*** EXTRACTED RECORDS Section Begins ***

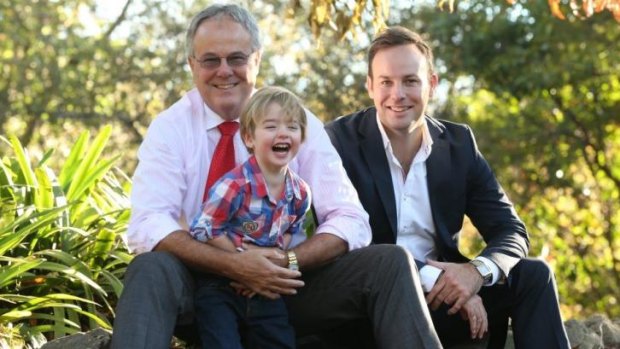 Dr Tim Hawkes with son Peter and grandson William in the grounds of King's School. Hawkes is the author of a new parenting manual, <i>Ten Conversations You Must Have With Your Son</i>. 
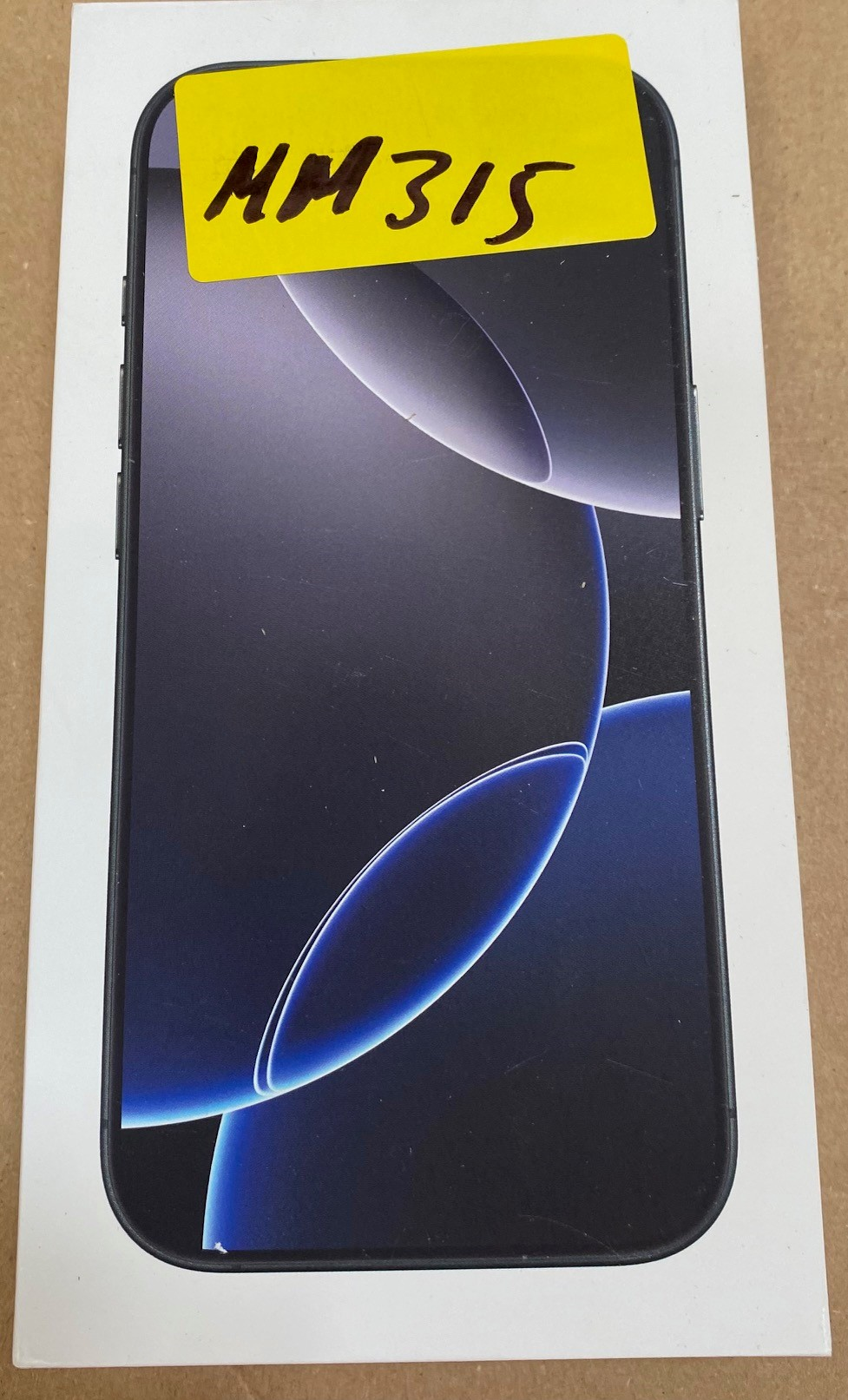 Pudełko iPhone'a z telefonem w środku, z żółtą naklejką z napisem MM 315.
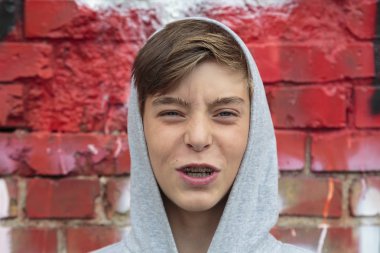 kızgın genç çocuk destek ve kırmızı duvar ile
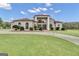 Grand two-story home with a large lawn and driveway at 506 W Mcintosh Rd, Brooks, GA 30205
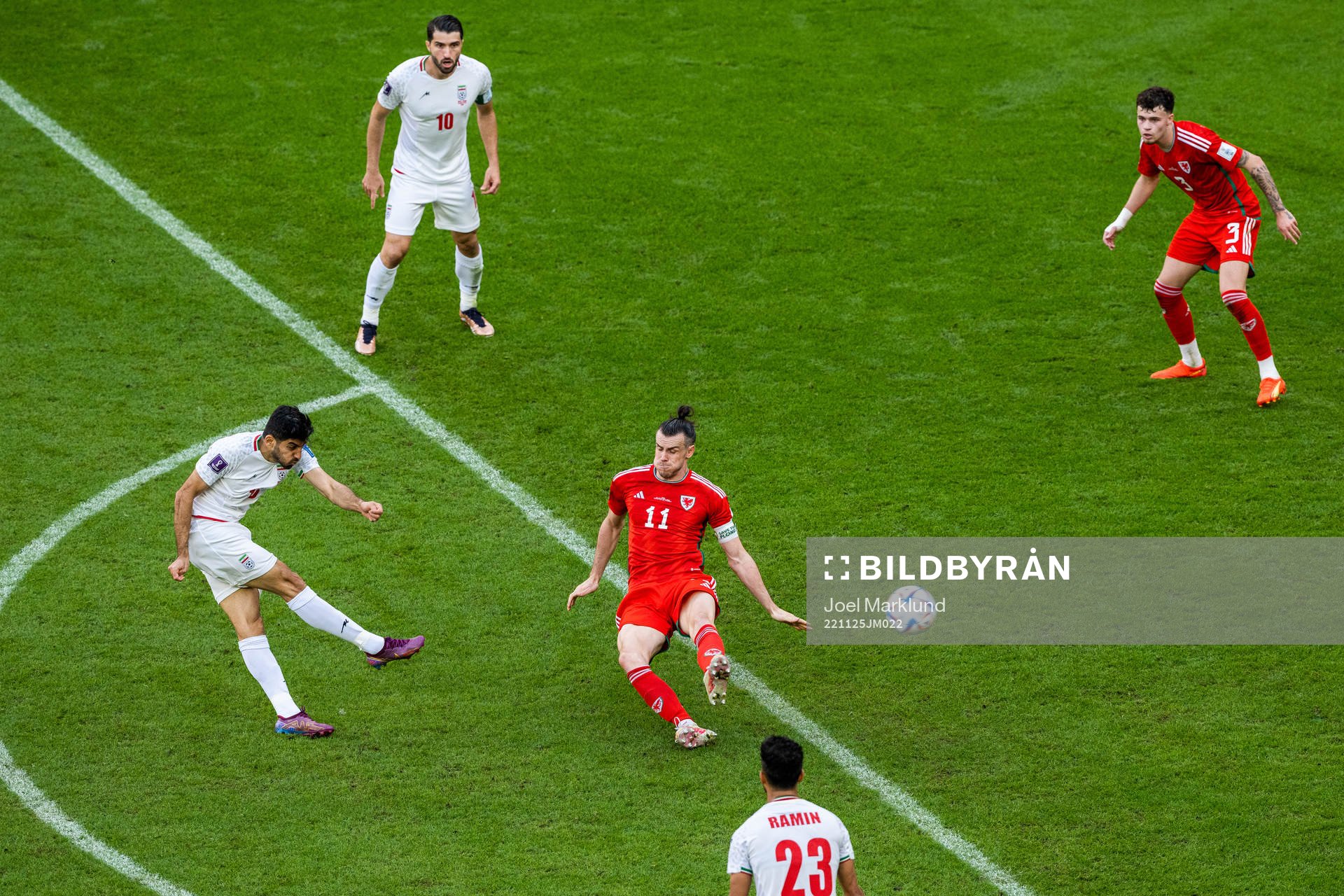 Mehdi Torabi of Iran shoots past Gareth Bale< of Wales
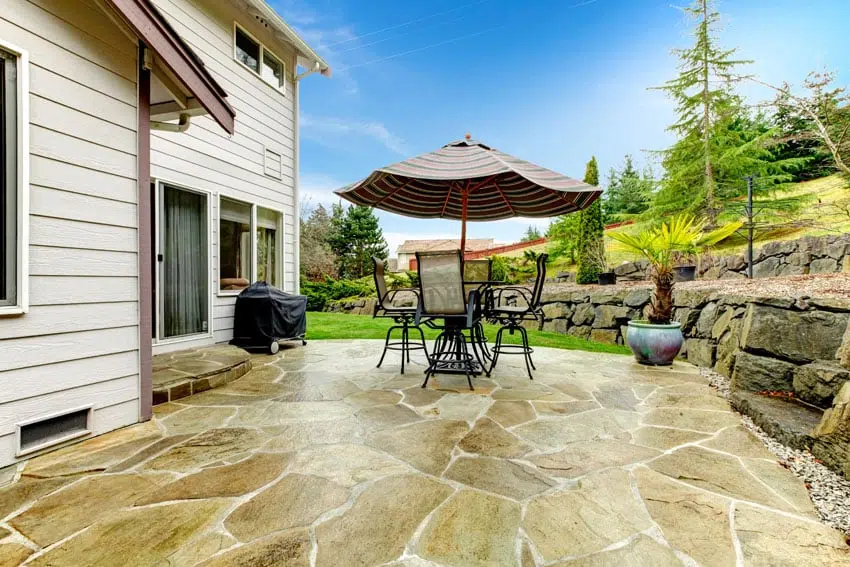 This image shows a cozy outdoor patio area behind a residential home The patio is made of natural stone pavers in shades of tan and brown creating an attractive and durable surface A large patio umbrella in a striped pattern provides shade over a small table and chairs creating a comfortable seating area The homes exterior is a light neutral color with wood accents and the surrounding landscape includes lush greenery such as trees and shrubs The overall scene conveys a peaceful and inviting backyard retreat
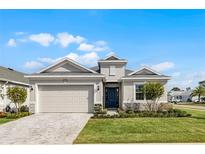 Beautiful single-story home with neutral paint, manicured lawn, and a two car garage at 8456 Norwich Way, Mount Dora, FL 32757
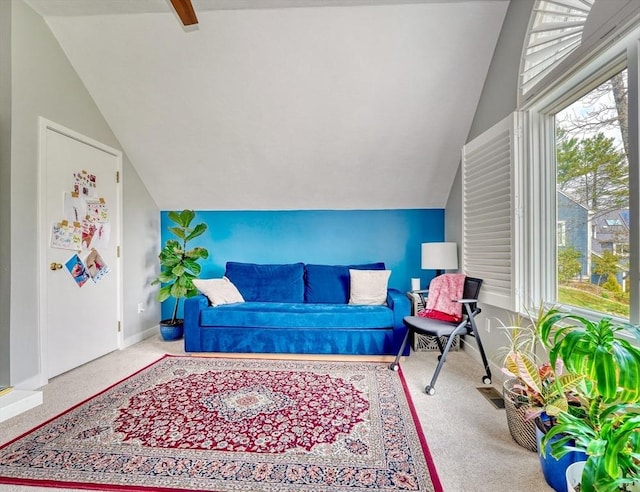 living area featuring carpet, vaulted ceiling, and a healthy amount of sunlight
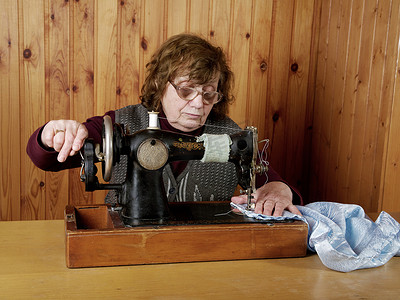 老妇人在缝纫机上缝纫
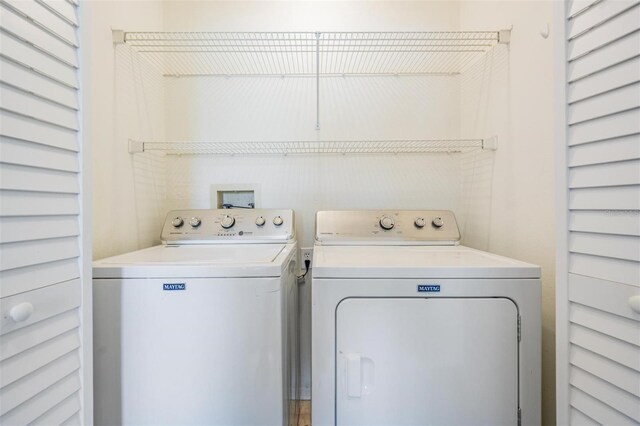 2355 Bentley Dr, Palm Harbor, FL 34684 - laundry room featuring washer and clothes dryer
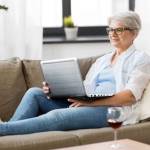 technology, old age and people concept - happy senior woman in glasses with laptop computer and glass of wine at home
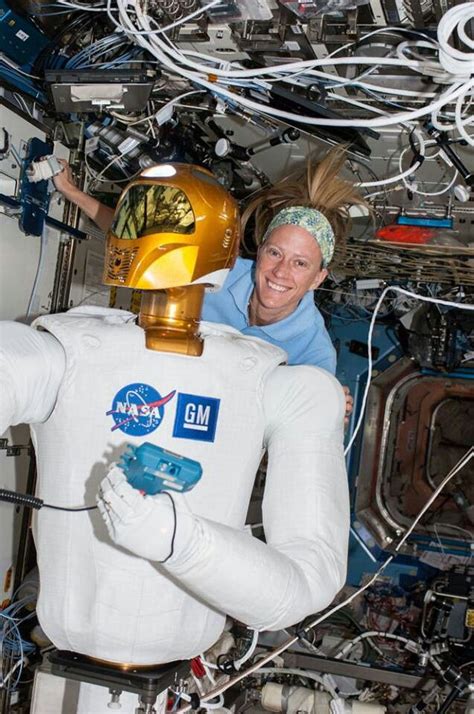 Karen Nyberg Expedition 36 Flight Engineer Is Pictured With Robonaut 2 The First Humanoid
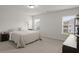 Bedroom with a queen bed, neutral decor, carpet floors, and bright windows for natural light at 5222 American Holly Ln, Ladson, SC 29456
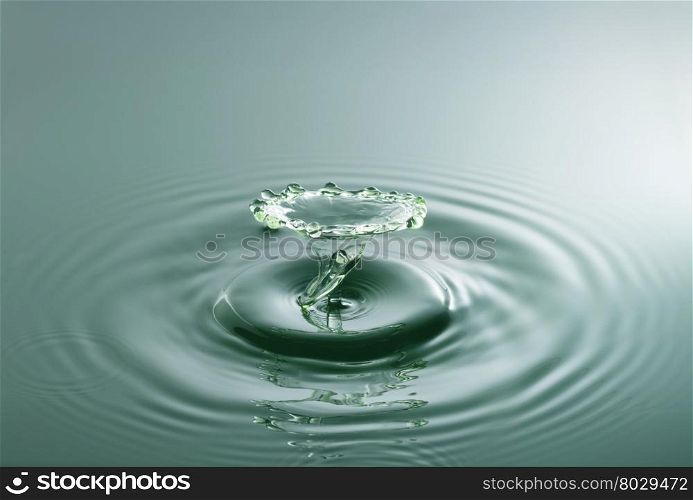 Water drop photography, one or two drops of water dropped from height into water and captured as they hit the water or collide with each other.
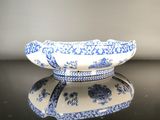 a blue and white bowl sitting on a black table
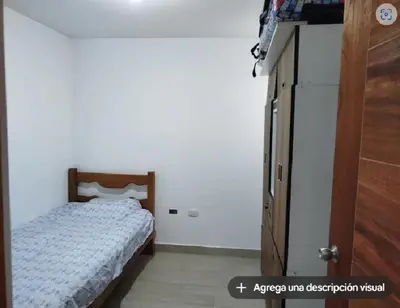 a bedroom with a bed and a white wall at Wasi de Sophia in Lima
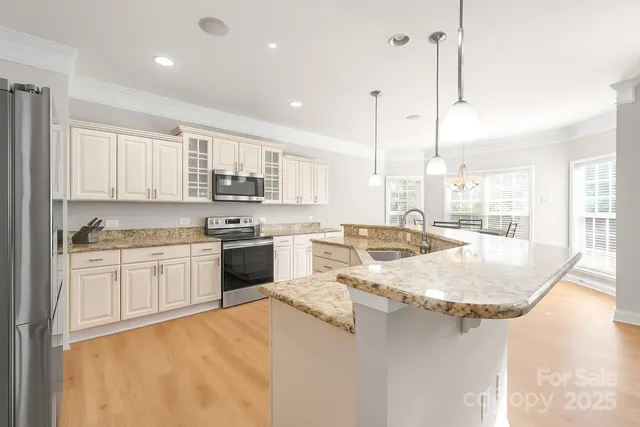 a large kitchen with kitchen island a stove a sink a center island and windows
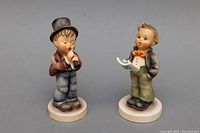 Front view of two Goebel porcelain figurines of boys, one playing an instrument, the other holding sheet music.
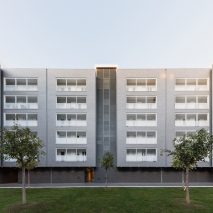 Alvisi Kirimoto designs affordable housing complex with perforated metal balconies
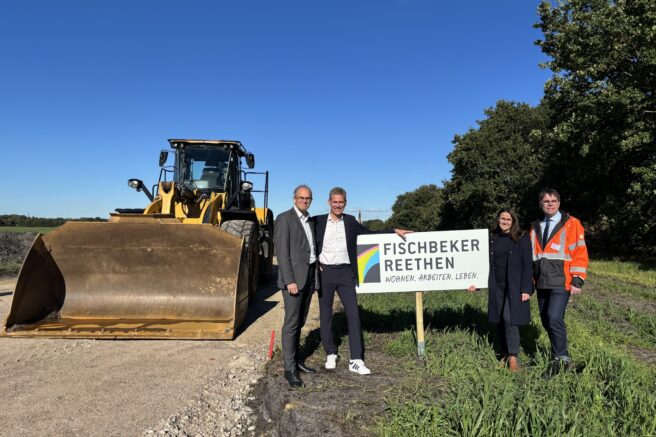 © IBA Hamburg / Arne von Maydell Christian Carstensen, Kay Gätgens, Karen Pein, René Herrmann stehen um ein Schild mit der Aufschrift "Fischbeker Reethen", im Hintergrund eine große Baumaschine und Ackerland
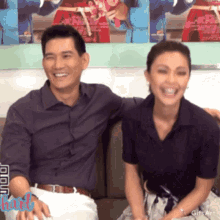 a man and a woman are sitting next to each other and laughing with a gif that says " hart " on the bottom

*** EXTRACTED RECORDS Section Ends ***

▶ _WORK INSTRUCTION_: The expected output is every line of the data, unchanged, with the pictures skipped.

▶ _REPLY TO THE EXERCISE_:
 Dr Tim Hawkes with son Peter and grandson William in the grounds of King's School. Hawkes is the author of a new parenting manual, <i>Ten Conversations You Must Have With Your Son</i>. 
 Pudełko iPhone'a z telefonem w środku, z żółtą naklejką z napisem MM 315.
 kızgın genç çocuk destek ve kırmızı duvar ile
 Grand two-story home with a large lawn and driveway at 506 W Mcintosh Rd, Brooks, GA 30205
 Mehdi Torabi of Iran shoots past Gareth Bale< of Wales
 This image shows a cozy outdoor patio area behind a residential home The patio is made of natural stone pavers in shades of tan and brown creating an attractive and durable surface A large patio umbrella in a striped pattern provides shade over a small table and chairs creating a comfortable seating area The homes exterior is a light neutral color with wood accents and the surrounding landscape includes lush greenery such as trees and shrubs The overall scene conveys a peaceful and inviting backyard retreat
 Beautiful single-story home with neutral paint, manicured lawn, and a two car garage at 8456 Norwich Way, Mount Dora, FL 32757
 living area featuring carpet, vaulted ceiling, and a healthy amount of sunlight
 老妇人在缝纫机上缝纫
 2355 Bentley Dr, Palm Harbor, FL 34684 - laundry room featuring washer and clothes dryer
 technology, old age and people concept - happy senior woman in glasses with laptop computer and glass of wine at home
 Karen Nyberg Expedition 36 Flight Engineer Is Pictured With Robonaut 2 The First Humanoid
 Bedroom with a queen bed, neutral decor, carpet floors, and bright windows for natural light at 5222 American Holly Ln, Ladson, SC 29456
 Water drop photography, one or two drops of water dropped from height into water and captured as they hit the water or collide with each other.
 a blue and white bowl sitting on a black table
 a bedroom with a bed and a white wall at Wasi de Sophia in Lima
 a large kitchen with kitchen island a stove a sink a center island and windows
 Front view of two Goebel porcelain figurines of boys, one playing an instrument, the other holding sheet music.
 Alvisi Kirimoto designs affordable housing complex with perforated metal balconies
 © IBA Hamburg / Arne von Maydell Christian Carstensen, Kay Gätgens, Karen Pein, René Herrmann stehen um ein Schild mit der Aufschrift "Fischbeker Reethen", im Hintergrund eine große Baumaschine und Ackerland
 a man and a woman are sitting next to each other and laughing with a gif that says " hart " on the bottom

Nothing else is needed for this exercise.